Broken promise . . . or unexplained change?
The latest big topic in our region has been the federal Liberals’ plan to walk away from their promise to reform the electoral system.
Everyone loves a rant about principles in politics, but I’d like to side-step this for a moment, as well as my own hopes for a progressive and modern voting system, for something more subtle and responsive – and more intelligent – than winner-take-all and the simple yes/no decision we are given once every four years and which is called democracy. It’s time to re-democratize our government!
But is Mr Trudeau showing us that even this modest re-democratization of elections will not take place as long as those in power are elected via the old system? Self-preservation, pure and simple?
It’s important to recall the complexity of this question. It isn’t as simplistic as so many critics seem to think.
First, there isn’t any promise being broken. Trudeau said, “the last election under the first-past-the-post system”; he did not say “with PR”. In effect, any change at all would fulfil his promise, as long as it’s not the first-past-the-post. Although proportional representation (PR) does seem supported by most of the brainiest people I talk to, Trudeau never promised it.
If he does nothing, as seems to be the case, that will be breaking his promise, and this is big enough an issue that it will tarnish the Trudeau image for much of his political life.
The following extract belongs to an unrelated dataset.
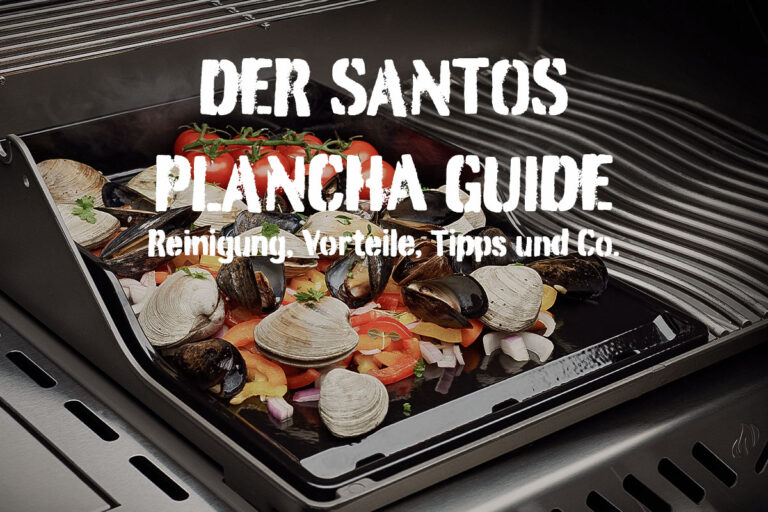 Der große SANTOS Fisch-Guide: von Lachs bis Seezunge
It was a big promise. And he’s going to surrender reform to the NDP?
In one sense, it might be wisest to support a watered-down version of PR, or any reform, just to get the ball rolling and not to alarm the media and corporate world which both seem allergic to any reform which takes more than one sentence to explain.
One route might be to announce a major electoral reform but within the government’s long-term agenda. “Long term” and “important” mean much more study and discussion than a few public consultations. There are foreign systems which demand better study, for one thing.
The most important point in going long-term is to engage the public. Engaging -- not one more yes/no question. If the Liberals were to start explaining the problems with today’s system to ordinary people, and exploring options in clear and intelligent form, the public would be much more involved and supportive.
Plus, educating us, the media, is a big part of any long-term reform. We’ve seen that the corporate media will kill with alarmism anything above the simplest complexity. My media colleagues are afraid to trust clear ideas to ordinary people. And they have their paycheques written by corporations whose managers seem happy to have a parliament they can fund and control. But this is another question – why corporate dinosaurs cling to these old ways. (I invite our readers to weigh in on this . . .).
But if we thought we’d win election reform in one year, who were we fooling?